Cure kinetics of elementary reactions of a DGEBA/DDS epoxy resin: 1. Glass transition temperature versus conversion

Abstract

The influence of elementary reactions (linear polymerization and crosslinking) on the development of the glass transition temperature ( T g) of diglycidyl ether of bisphenol A/diaminodiphenylsulfone (DGEBA/DDS) epoxy resin system has been analysed quantitatively according to a proposed model. The model was derived on the basis of the reaction mechanisms observed in the curing system and the assumption that the T g has individual linear relationships with the degree of conversion of the two reactions.
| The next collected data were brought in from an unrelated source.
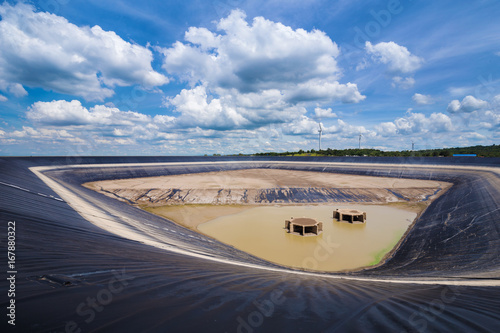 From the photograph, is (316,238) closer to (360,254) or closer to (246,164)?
(360,254)

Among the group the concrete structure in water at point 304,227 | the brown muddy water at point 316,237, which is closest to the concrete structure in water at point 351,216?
the brown muddy water at point 316,237

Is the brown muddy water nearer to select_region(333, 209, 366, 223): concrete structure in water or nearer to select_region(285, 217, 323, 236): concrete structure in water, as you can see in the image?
select_region(285, 217, 323, 236): concrete structure in water

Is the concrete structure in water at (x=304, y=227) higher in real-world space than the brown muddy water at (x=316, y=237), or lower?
higher

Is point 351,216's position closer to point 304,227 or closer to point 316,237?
point 316,237

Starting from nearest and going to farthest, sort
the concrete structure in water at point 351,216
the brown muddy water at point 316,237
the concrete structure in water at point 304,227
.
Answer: the brown muddy water at point 316,237 < the concrete structure in water at point 304,227 < the concrete structure in water at point 351,216

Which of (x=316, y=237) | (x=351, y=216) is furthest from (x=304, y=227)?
(x=351, y=216)

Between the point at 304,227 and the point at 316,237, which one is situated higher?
the point at 304,227

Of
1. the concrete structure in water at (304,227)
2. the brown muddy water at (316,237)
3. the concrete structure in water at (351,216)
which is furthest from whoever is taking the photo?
the concrete structure in water at (351,216)

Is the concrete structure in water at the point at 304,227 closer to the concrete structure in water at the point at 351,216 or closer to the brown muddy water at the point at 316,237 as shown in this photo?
the brown muddy water at the point at 316,237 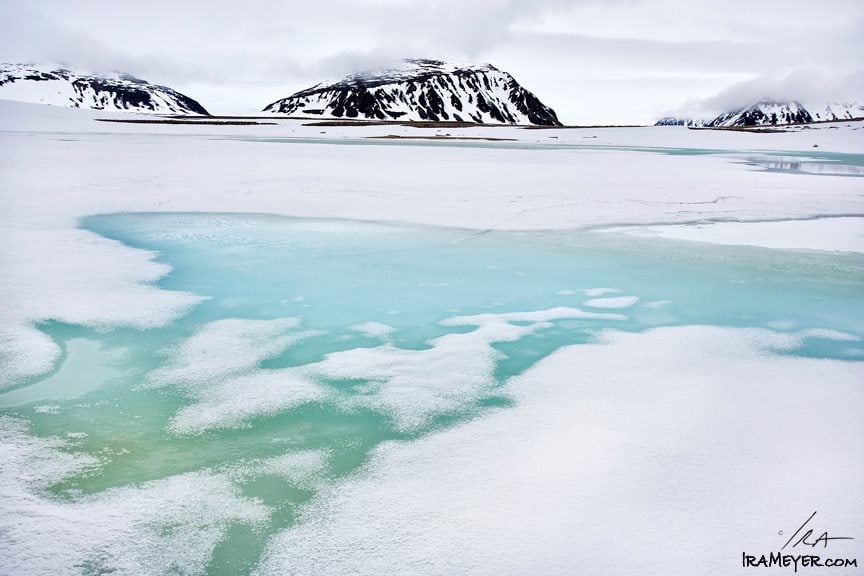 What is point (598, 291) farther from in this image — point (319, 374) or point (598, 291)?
point (319, 374)

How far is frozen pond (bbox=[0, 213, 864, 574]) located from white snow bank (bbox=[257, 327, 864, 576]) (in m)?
0.28

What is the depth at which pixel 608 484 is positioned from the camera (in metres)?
3.32

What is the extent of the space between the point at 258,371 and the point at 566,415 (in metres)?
2.46

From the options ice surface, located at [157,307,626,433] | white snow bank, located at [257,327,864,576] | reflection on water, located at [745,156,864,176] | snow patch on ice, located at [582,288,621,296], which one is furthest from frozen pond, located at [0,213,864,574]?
reflection on water, located at [745,156,864,176]

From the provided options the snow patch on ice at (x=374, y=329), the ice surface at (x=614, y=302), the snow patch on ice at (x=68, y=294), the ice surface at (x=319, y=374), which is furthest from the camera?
the ice surface at (x=614, y=302)

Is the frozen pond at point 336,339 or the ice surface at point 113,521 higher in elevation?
the frozen pond at point 336,339

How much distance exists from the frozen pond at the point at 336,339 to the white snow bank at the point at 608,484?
284 mm

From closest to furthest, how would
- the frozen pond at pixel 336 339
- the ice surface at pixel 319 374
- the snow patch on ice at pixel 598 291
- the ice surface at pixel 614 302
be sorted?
the frozen pond at pixel 336 339, the ice surface at pixel 319 374, the ice surface at pixel 614 302, the snow patch on ice at pixel 598 291

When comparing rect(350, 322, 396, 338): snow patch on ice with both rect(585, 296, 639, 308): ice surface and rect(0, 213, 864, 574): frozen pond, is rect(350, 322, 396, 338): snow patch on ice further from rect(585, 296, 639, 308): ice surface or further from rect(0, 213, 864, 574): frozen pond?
rect(585, 296, 639, 308): ice surface

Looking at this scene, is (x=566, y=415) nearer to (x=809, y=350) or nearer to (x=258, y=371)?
(x=258, y=371)

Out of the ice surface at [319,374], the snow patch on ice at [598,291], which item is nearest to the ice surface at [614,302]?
the snow patch on ice at [598,291]

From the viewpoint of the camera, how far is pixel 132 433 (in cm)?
384

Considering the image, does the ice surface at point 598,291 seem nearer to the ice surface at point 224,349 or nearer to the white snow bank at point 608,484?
the white snow bank at point 608,484

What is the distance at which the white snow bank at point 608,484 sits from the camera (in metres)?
2.80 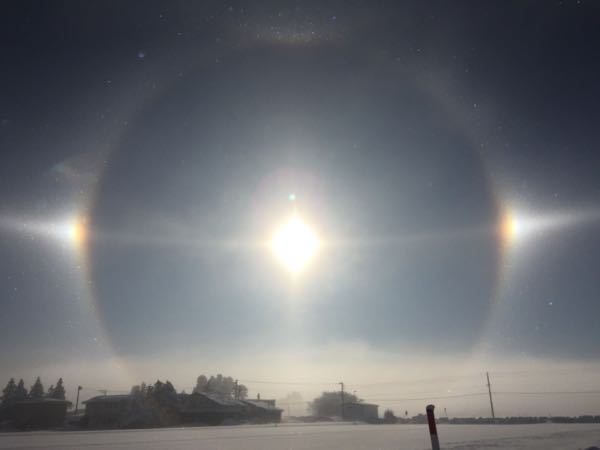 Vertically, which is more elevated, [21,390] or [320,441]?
[21,390]

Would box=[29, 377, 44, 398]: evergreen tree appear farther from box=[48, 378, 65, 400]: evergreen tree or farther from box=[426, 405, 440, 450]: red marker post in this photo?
box=[426, 405, 440, 450]: red marker post

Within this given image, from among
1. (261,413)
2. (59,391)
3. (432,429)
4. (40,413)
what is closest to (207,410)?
(261,413)

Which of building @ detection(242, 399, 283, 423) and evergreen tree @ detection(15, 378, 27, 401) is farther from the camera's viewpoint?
evergreen tree @ detection(15, 378, 27, 401)

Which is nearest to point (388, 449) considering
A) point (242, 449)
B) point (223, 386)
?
point (242, 449)

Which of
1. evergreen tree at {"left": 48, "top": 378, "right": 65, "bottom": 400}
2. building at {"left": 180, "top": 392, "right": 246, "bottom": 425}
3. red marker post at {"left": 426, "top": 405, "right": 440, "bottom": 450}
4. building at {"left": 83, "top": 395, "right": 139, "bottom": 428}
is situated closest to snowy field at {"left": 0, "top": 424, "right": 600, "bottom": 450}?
red marker post at {"left": 426, "top": 405, "right": 440, "bottom": 450}

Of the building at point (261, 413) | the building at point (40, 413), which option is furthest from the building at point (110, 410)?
the building at point (261, 413)

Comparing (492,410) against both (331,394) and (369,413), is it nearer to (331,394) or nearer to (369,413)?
(369,413)

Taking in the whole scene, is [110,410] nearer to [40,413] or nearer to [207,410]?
[40,413] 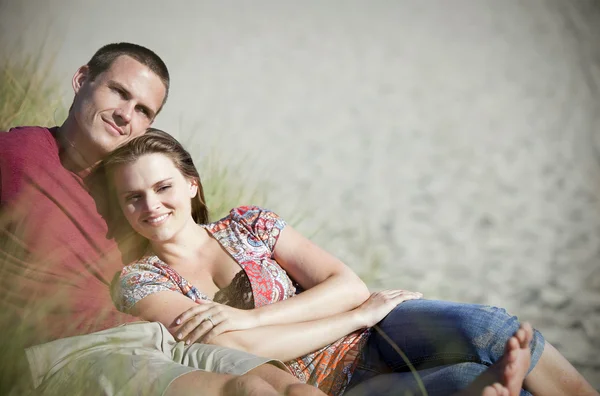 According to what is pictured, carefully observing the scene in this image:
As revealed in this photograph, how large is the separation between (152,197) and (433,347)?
2.80 ft

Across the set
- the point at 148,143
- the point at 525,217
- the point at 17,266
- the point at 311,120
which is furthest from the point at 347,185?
the point at 17,266

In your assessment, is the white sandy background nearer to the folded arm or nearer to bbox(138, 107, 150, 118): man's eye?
bbox(138, 107, 150, 118): man's eye

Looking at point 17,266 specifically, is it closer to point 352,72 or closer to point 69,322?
point 69,322

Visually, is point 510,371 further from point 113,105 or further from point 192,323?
point 113,105

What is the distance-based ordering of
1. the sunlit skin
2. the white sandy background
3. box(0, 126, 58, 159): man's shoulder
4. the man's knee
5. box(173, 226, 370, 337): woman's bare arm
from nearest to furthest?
1. the man's knee
2. box(173, 226, 370, 337): woman's bare arm
3. box(0, 126, 58, 159): man's shoulder
4. the sunlit skin
5. the white sandy background

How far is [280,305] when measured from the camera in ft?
5.83

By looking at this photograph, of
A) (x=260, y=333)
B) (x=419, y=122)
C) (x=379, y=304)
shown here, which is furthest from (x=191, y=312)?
(x=419, y=122)

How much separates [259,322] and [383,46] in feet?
7.71

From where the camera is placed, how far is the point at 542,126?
3592 mm

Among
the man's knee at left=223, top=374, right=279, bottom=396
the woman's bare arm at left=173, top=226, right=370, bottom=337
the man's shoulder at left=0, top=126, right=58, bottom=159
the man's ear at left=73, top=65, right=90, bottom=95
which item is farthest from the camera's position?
the man's ear at left=73, top=65, right=90, bottom=95

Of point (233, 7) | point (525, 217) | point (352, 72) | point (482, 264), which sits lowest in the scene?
point (482, 264)

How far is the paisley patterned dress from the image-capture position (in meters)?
1.77

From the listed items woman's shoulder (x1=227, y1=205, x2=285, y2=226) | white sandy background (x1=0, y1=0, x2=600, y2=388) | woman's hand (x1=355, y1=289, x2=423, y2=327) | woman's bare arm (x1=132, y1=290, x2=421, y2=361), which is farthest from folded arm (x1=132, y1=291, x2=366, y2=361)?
white sandy background (x1=0, y1=0, x2=600, y2=388)

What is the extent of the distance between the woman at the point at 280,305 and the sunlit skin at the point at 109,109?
7 cm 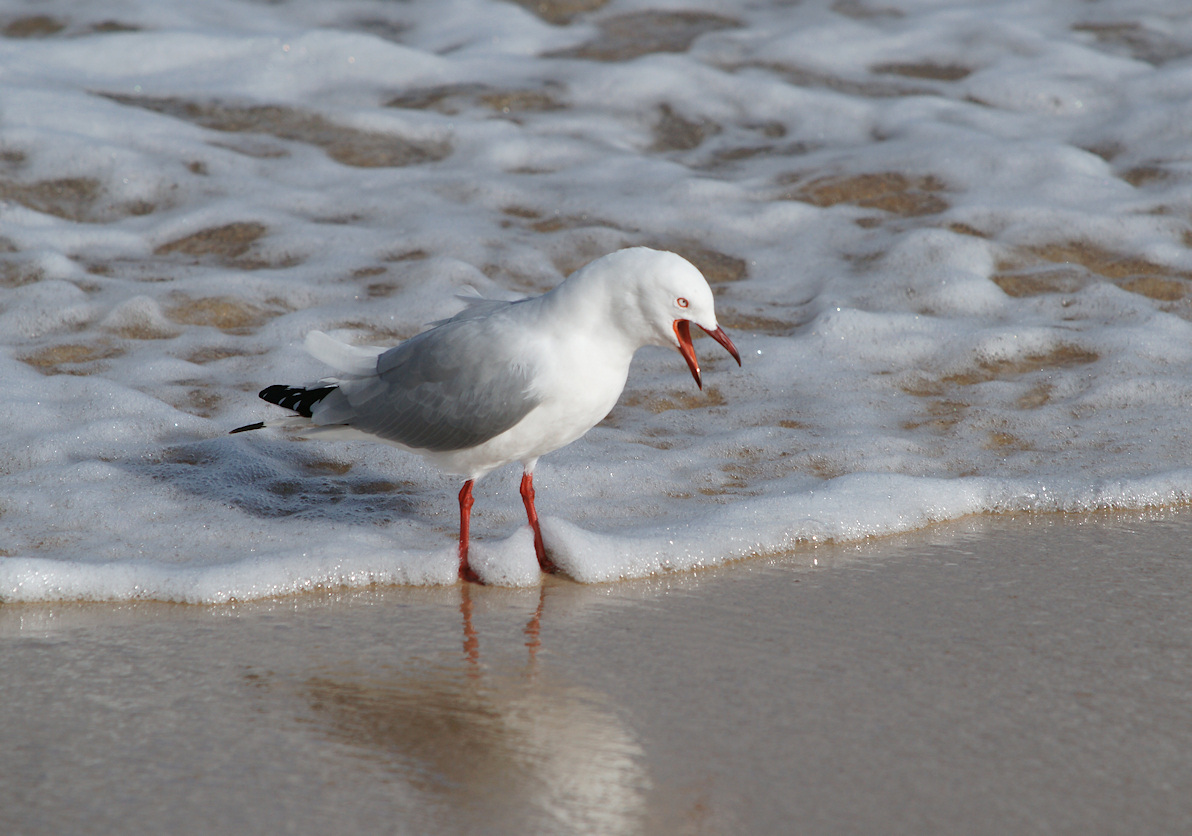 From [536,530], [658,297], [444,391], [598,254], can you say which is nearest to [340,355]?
[444,391]

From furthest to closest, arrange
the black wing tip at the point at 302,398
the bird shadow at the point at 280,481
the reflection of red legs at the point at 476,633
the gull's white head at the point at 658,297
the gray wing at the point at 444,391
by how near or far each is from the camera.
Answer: the bird shadow at the point at 280,481
the black wing tip at the point at 302,398
the gray wing at the point at 444,391
the gull's white head at the point at 658,297
the reflection of red legs at the point at 476,633

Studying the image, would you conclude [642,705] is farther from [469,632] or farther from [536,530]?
[536,530]

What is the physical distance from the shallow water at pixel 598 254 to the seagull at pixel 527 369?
13.2 inches

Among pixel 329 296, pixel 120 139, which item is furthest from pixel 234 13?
pixel 329 296

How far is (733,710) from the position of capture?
269 cm

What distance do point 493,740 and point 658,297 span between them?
4.63ft

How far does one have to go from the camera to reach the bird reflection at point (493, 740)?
2234 mm

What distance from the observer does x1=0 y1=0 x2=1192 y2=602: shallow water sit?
4.08 metres

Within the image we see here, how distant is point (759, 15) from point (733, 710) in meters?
9.09

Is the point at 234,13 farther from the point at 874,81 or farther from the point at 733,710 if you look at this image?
the point at 733,710

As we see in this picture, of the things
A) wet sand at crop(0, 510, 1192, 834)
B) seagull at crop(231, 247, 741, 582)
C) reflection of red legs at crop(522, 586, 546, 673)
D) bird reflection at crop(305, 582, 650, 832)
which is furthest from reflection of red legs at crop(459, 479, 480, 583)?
bird reflection at crop(305, 582, 650, 832)

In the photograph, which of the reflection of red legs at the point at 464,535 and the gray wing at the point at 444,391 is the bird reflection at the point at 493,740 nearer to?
the reflection of red legs at the point at 464,535

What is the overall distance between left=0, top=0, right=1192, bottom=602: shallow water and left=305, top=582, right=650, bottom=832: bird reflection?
0.74 metres

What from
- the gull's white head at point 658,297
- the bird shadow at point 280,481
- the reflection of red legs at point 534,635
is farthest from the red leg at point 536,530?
the gull's white head at point 658,297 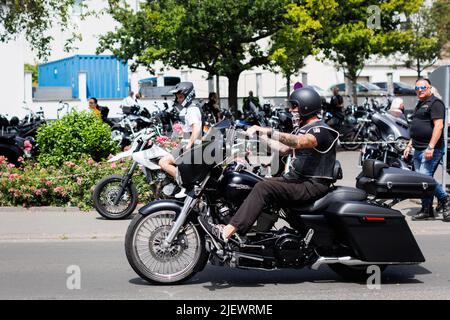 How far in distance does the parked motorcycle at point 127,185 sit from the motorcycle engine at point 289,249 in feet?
12.4

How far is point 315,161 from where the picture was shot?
23.1ft

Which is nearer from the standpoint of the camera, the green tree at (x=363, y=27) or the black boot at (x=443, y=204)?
the black boot at (x=443, y=204)

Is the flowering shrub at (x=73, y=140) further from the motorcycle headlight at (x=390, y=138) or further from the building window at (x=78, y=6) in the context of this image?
the building window at (x=78, y=6)

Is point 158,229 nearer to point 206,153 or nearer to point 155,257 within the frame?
point 155,257

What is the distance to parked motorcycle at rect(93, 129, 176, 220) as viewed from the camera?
1050 centimetres

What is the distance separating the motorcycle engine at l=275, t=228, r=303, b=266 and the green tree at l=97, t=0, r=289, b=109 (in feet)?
56.9

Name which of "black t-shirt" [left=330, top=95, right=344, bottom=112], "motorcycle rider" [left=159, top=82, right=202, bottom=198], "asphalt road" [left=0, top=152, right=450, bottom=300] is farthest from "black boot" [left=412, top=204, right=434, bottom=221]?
"black t-shirt" [left=330, top=95, right=344, bottom=112]

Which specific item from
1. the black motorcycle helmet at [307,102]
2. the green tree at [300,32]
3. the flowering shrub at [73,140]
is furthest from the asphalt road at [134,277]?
the green tree at [300,32]

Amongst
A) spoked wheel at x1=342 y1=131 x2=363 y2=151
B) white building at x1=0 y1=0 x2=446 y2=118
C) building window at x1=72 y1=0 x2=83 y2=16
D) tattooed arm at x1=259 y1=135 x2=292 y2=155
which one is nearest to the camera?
tattooed arm at x1=259 y1=135 x2=292 y2=155

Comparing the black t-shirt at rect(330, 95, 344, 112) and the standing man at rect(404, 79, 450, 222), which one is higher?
the black t-shirt at rect(330, 95, 344, 112)

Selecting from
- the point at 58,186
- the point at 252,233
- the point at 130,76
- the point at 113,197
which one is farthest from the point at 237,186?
the point at 130,76

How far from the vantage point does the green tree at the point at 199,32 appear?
77.8 ft

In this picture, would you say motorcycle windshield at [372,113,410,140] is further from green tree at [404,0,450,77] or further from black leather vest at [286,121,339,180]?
green tree at [404,0,450,77]

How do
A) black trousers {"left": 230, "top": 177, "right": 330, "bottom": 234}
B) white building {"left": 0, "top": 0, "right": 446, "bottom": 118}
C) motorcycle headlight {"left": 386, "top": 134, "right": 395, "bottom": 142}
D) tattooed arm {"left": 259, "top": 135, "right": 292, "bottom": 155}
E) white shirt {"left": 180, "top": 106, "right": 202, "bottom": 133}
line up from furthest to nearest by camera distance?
white building {"left": 0, "top": 0, "right": 446, "bottom": 118} < motorcycle headlight {"left": 386, "top": 134, "right": 395, "bottom": 142} < white shirt {"left": 180, "top": 106, "right": 202, "bottom": 133} < black trousers {"left": 230, "top": 177, "right": 330, "bottom": 234} < tattooed arm {"left": 259, "top": 135, "right": 292, "bottom": 155} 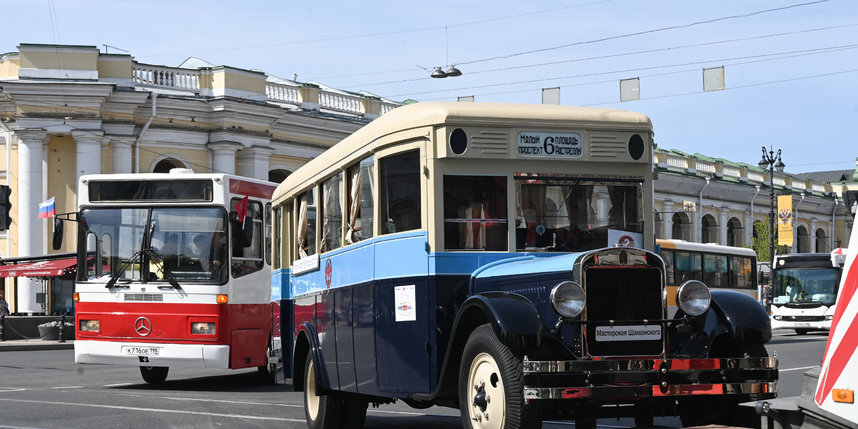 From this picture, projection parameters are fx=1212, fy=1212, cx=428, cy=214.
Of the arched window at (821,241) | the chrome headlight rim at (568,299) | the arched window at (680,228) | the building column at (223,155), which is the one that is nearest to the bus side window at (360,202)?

The conversions of elementary reactions during the cure were obtained experimentally by measuring the changes in the concentrations of epoxy, primary and secondary amine groups with time by near-infra-red spectroscopy. The T g values were measured by differential scanning calorimetry (d.s.c.). In addition, and for the purpose of comparison, the overall conversion of the system was also obtained from d.s.c. in a dynamic scanning mode. The conversion-time data from the two different techniques were consistent. The proposed model successfully predicted the separate increases in T g due to the linear polymerization and due to the crosslinking reactions. The Di Benedetto equation and the viscoelastic model of Gan et al. are also discussed.